Bölüm 614: Doğudan Yükselen Güneş Kadar Başarısızım, Yenilmezim!

Yazı Boyutu :

Önceki Sonraki

Otherworldly Evil Monarch Bölüm 614: Doğudan Yükselen Güneş Kadar Başarısızım, Yenilmezim! Makine Çevirisi ile www.makineceviri.xyz adresinden okuyorsunuz... Daha fazlası için yorum yapıp siteyi paylaşabilirsiniz... Novel, Novel Oku, Light Novel, Web Novel, Türkçe Novel, Makine Çeviri, MakineÇeviri, Makine Çeviri Oku, Otherworldly Evil Monarch Bölüm 614: Doğudan Yükselen Güneş Kadar Başarısızım, Yenilmezim! Oku, Otherworldly Evil Monarch Bölüm 614: Doğudan Yükselen Güneş Kadar Başarısızım, Yenilmezim! Makine Çeviri Oku, Otherworldly Evil Monarch Bölüm 614: Doğudan Yükselen Güneş Kadar Başarısızım, Yenilmezim! Türkçe Oku, Otherworldly Evil Monarch Bölüm 614: Doğudan Yükselen Güneş Kadar Başarısızım, Yenilmezim! Online Oku, Makine Çeviri, Otherworldly Evil Monarch Bölüm 614: Doğudan Yükselen Güneş Kadar Başarısızım, Yenilmezim! Novel Oku Makine Çeviri, Makine Çevirisi ile Novel Oku , Türkçe Oku,

Bölüm 614: Doğudan Yükselen Güneş Kadar Başarısızım, Yenilmezim!

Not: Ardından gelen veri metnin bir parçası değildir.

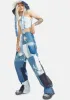Reworked Denim Patchwork Jeans sold by Dolls Kill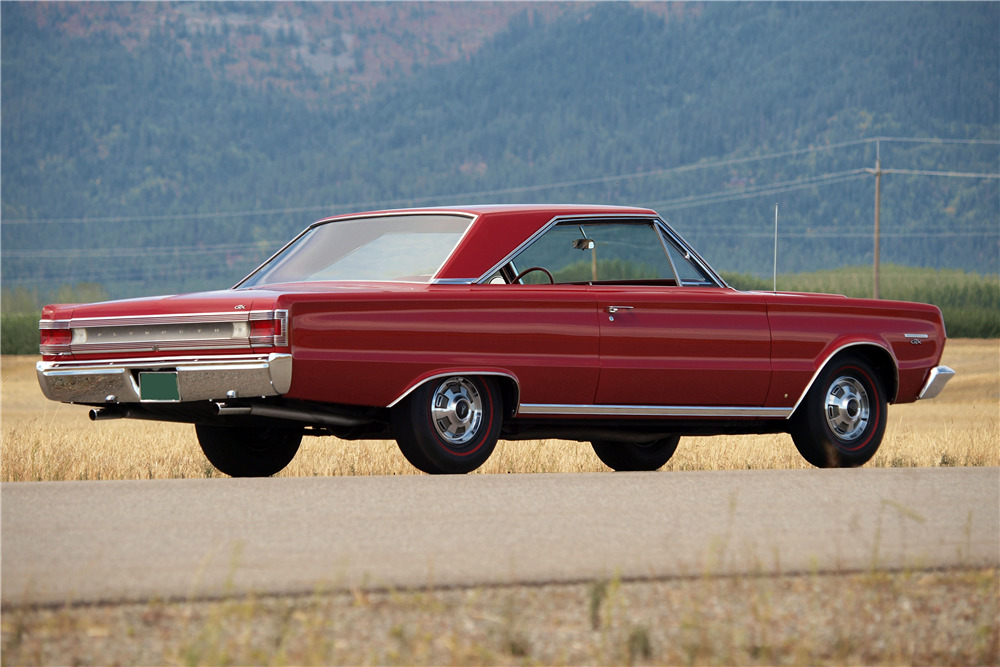 1967 PLYMOUTH GTX 440 - Rear 3/4 - 198193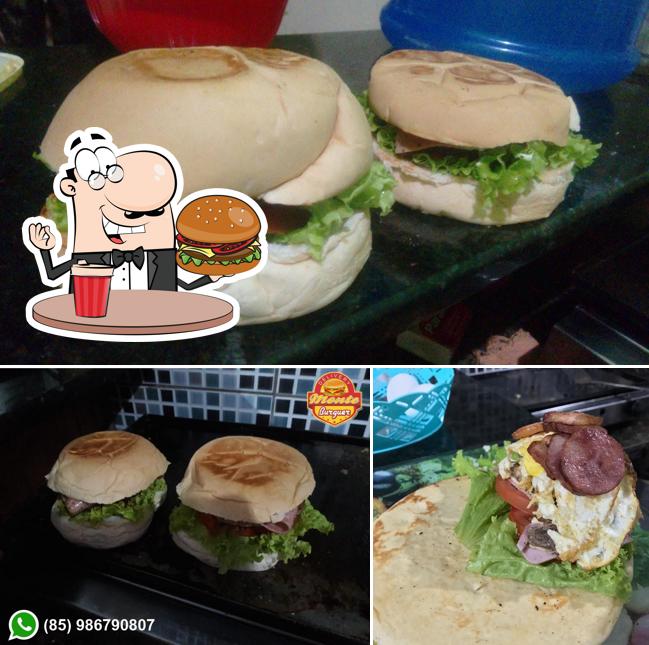 Experimente um hambúrguer no Monte Burguer Delivery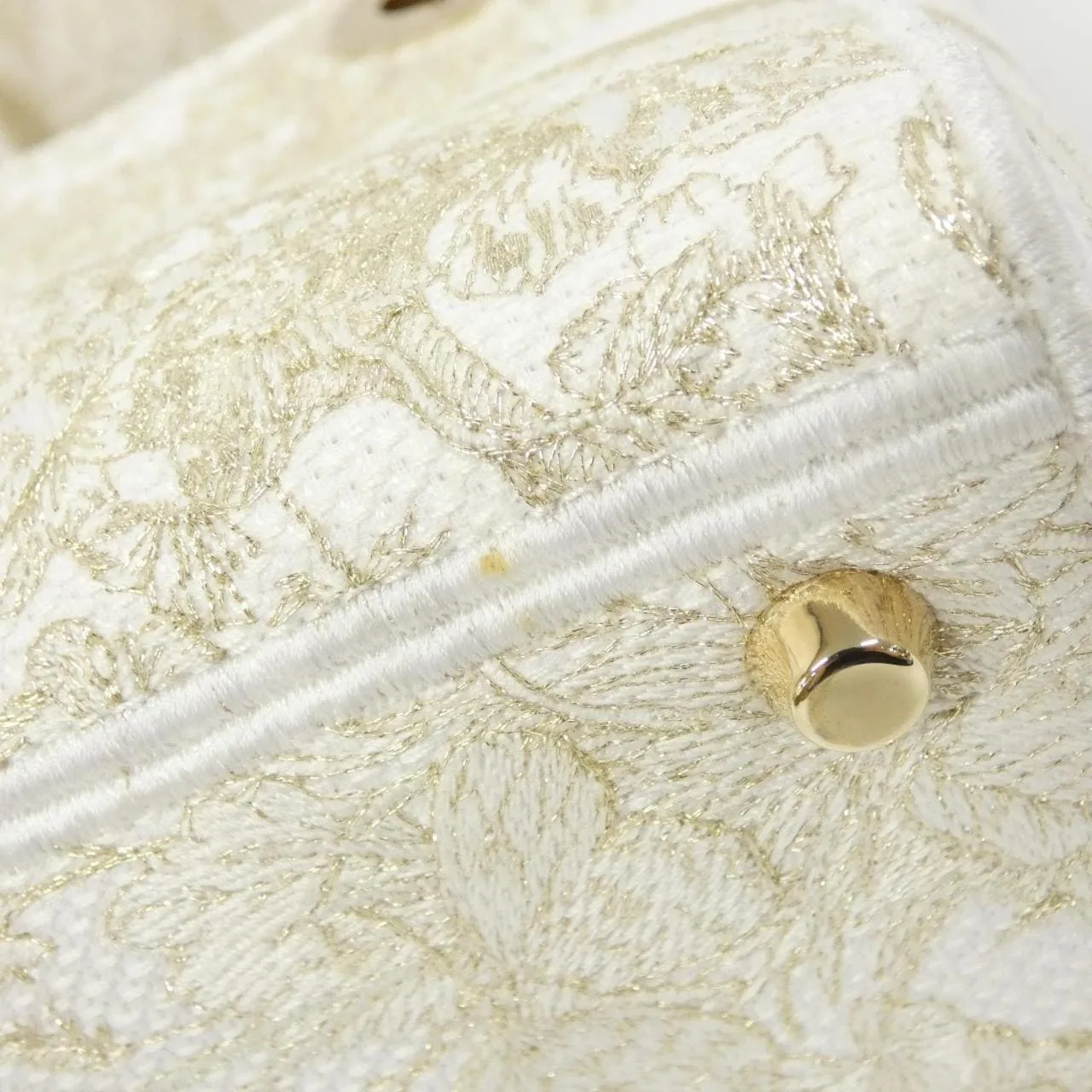 DIOR Lady Dior M0565OESV 手提包 帆布 黑色 帆布 中古品A - 縮圖 3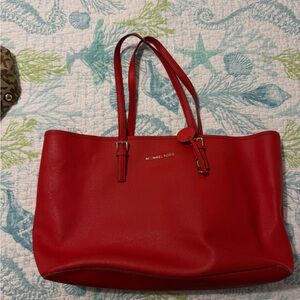 Michael Kors Vibrant Red Tote Bag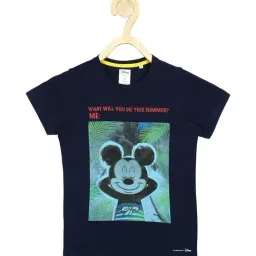 Allen Solly Junior Boys Navy Micky Print T-Shirt-picture-12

Çevirmen AtlasStudios Editör: AtlasStudios

"Ne kadar esrarengiz... Wen Xin'in gençliğine tıpatıp benziyorsunuz, gerçekten çok benziyorsunuz..." Yaşlı Madam Dongfang kırışmış ellerini nazikçe Jun Mo Xie'nin yüzüne koydu. Gözleri nemlendi ve sonunda iki damla yaş süzüldü. Torununu görüşü artık buğulanmış olsa da, gözlerini silmek için ellerini onun yüzünden çekmeye dayanamadı. Hafif bir çekişle Jun Mo Xie'yi kollarının arasına aldı, gözyaşları yüzünden torununun boynuna akarken vücudu ağır ağır titriyordu. "Sevgili torunum... Anneni bunca yıldır görememek... Senin için çok zor oldu..."

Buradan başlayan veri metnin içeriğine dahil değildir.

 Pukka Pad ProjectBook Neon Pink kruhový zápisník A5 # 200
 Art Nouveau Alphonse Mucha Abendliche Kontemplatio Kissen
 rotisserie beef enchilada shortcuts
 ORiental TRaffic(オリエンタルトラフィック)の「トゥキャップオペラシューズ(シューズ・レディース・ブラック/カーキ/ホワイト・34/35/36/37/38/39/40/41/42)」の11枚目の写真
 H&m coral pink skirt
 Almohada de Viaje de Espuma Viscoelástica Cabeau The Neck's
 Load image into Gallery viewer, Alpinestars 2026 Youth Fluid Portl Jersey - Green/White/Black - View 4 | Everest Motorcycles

Jun Mo Xie bu yaşlı büyükannesini teselli etmek için ağzını açtı ama nedense boğazı düğümlenmiş gibiydi ve hiçbir şey söyleyemedi... Bu kadar yoğun ve sıcak bir akrabalık bağı, bir bahar esintisi ve hafif bir çiseleme gibi kalbinden geçerek ona aslında bu dünyada yalnız olmadığını hissettirdi... Hâlâ onun için endişelenen, ona değer veren ve onu koruyan pek çok insan vardı...

Aile!

Kan ailesi!

Yaşlı madamın gözleri yaşlarla doldu ve uzun, beyaz saçları rüzgârda uçuştu. Şu anda sadece uzun zamandır görmediği torununa sarılan yaşlı bir kadındı. Boks dünyasını kasıp kavuran, yoluna çıkan herkesi otoriter bir şekilde katleden o kılıç kahramanından eser yoktu. "Sevgili torunum... Senin yaşındaki diğer çocuklar hâlâ ebeveynlerinin koruması altında, onların kanatları altında özenle yetiştiriliyor. Ama benim zavallı, itaatkâr torunum aslında yedi yaşında babasını, sekiz yaşında da annesini kaybetti. Annen hala hayatta olmasına rağmen, sanki aniden yetim kalmışsın gibi... Sadece bunu düşünmek bile bu yaşlı kadının kalbinin binlerce bıçakla kesilmiş gibi hissetmesine neden oluyor..."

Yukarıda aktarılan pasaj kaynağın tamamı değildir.